* _EXERCISE DESCRIPTION_
Leave out the pictures and repeat every record exactly.
[[ MATERIAL FOR THE TASK open ]]
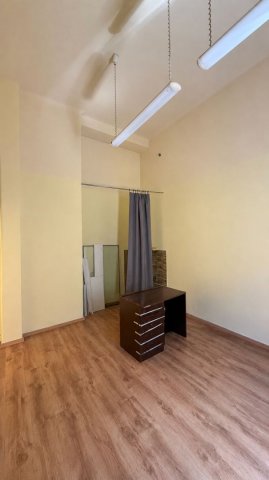 Kiadó iroda, Debrecenben 55 E Ft / hó, 2 szobás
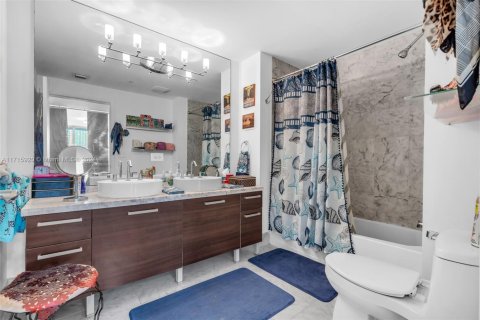 Condo in Miami, Florida, 1 bedroom  № 1467524 - photo 17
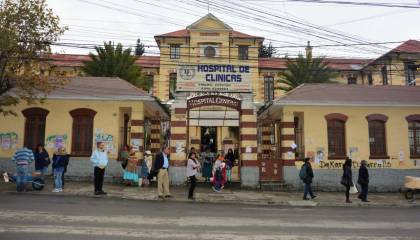 ”No tenemos ni paracetamol”: Médicos se movilizan por la falta de medicamentos en hospitales públicos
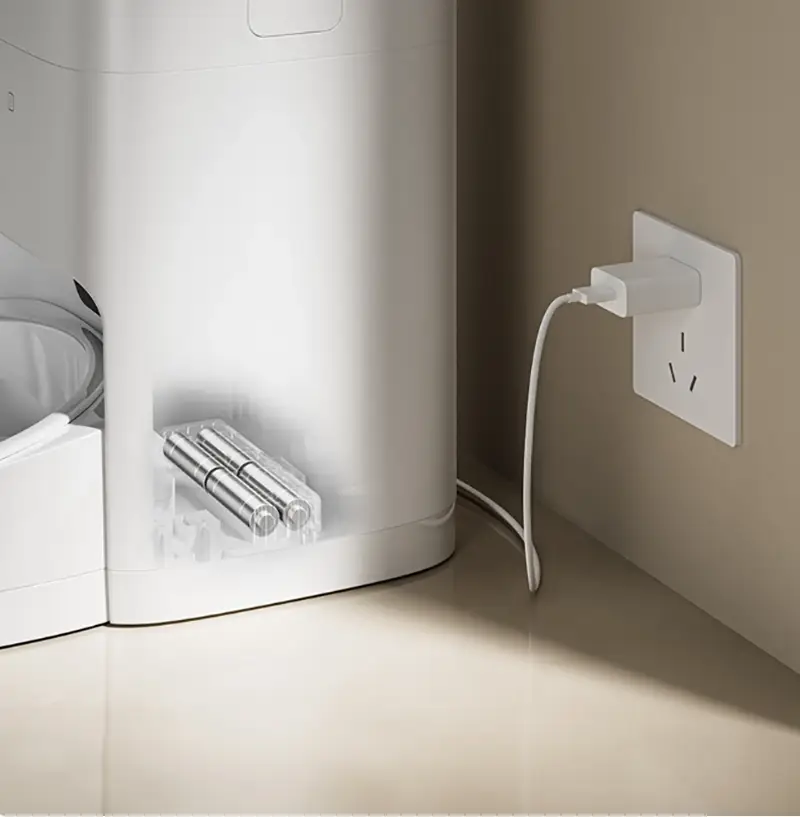 Sistema de alimentación de respaldo del Xiaomi Mijia Pet Feeder 2 Visual Edition con conexión a corriente y pilas AA de emergencia.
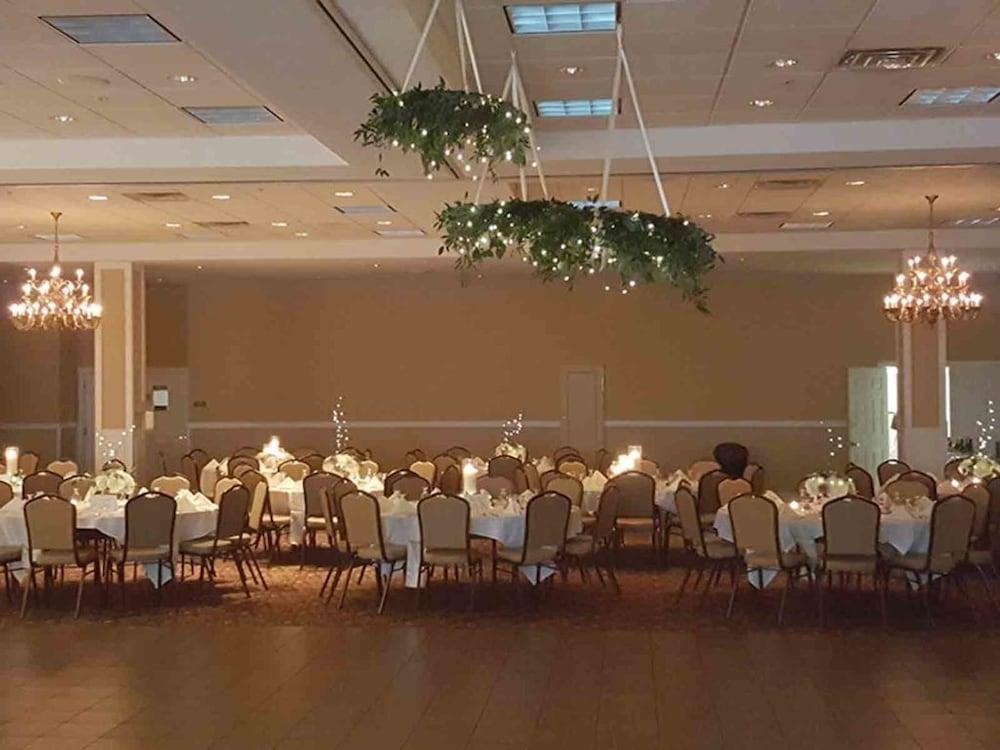 Town & Country Inn And Suites Quincy Bagian luar foto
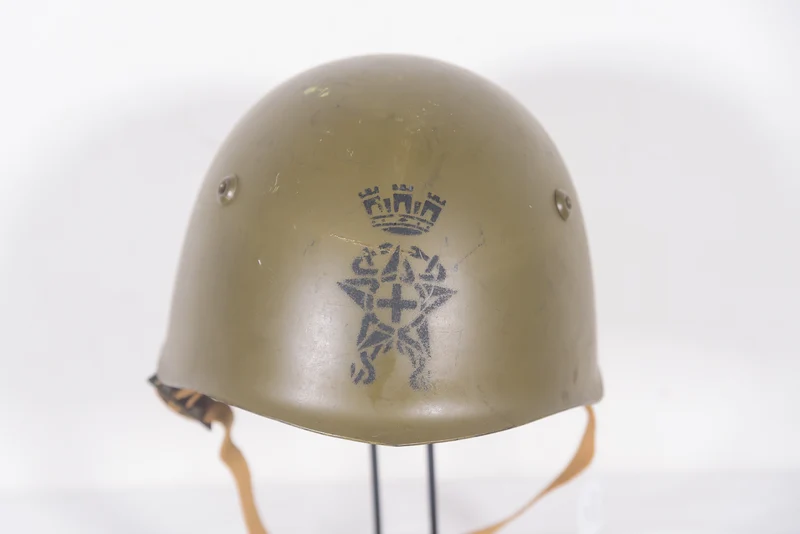 Helm m.33 Gesundheitsfries der italienischen Armee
[[ MATERIAL FOR THE TASK closed ]]
* _ANSWER TO THIS EXERCISE_
 Kiadó iroda, Debrecenben 55 E Ft / hó, 2 szobás
 Condo in Miami, Florida, 1 bedroom  № 1467524 - photo 17
 ”No tenemos ni paracetamol”: Médicos se movilizan por la falta de medicamentos en hospitales públicos
 Sistema de alimentación de respaldo del Xiaomi Mijia Pet Feeder 2 Visual Edition con conexión a corriente y pilas AA de emergencia.
 Town & Country Inn And Suites Quincy Bagian luar foto
 Helm m.33 Gesundheitsfries der italienischen Armee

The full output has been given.